[Opening THE DATA section]
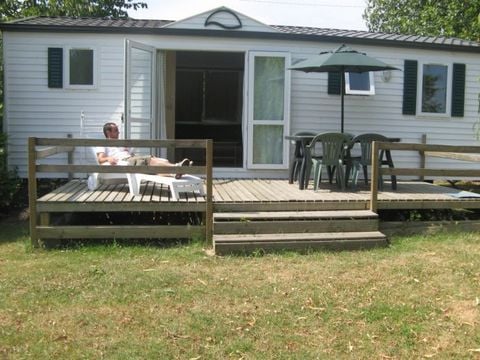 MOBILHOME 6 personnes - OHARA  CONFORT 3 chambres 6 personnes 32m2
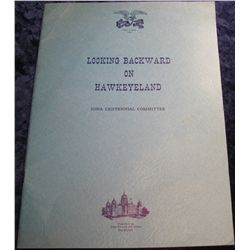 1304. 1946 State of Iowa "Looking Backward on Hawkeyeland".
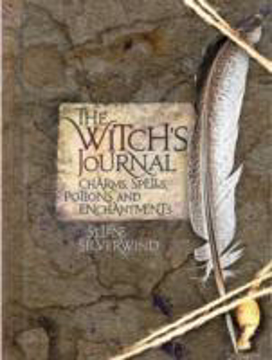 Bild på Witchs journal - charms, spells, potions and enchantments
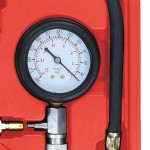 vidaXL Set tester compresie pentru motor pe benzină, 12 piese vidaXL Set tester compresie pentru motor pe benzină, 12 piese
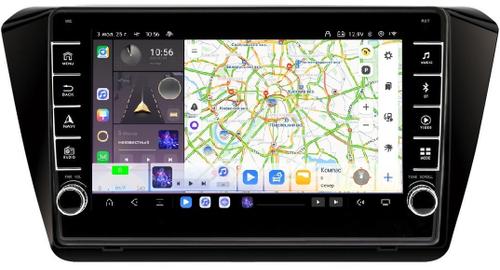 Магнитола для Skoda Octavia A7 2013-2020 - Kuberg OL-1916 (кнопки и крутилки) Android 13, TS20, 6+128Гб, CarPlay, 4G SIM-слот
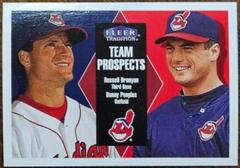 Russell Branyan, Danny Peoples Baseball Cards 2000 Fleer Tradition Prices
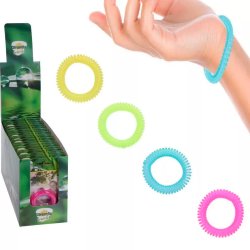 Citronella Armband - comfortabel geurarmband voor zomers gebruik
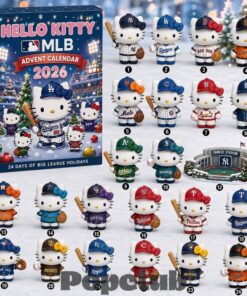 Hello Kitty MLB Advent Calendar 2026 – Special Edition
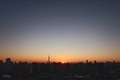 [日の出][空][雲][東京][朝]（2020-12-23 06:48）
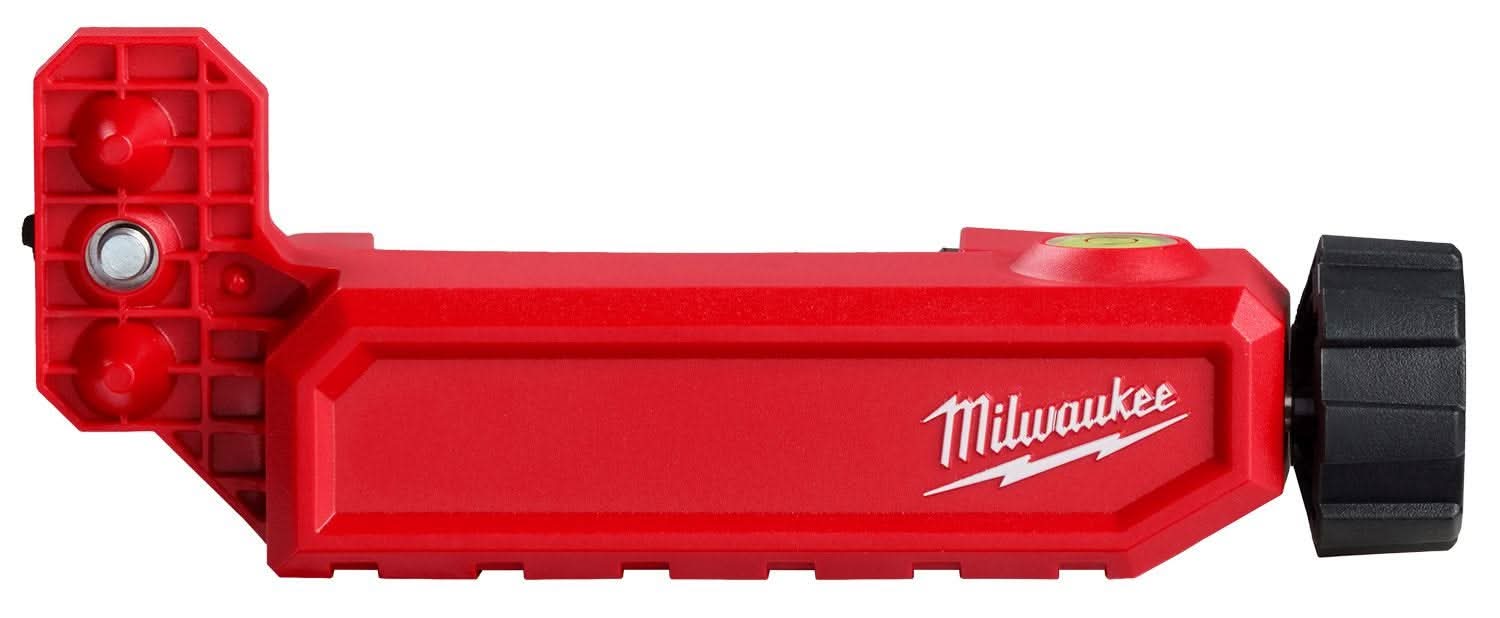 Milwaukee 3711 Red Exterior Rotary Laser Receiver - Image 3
[Closing THE DATA section]
→ YOUR TASK:
Exactly the lines from the one with "Hello Kitty MLB" through the end of the records are to be repeated, both ends included, and pictures are to be omitted.

→ YOUR SOLUTION:
 Hello Kitty MLB Advent Calendar 2026 – Special Edition
 [日の出][空][雲][東京][朝]（2020-12-23 06:48）
 Milwaukee 3711 Red Exterior Rotary Laser Receiver - Image 3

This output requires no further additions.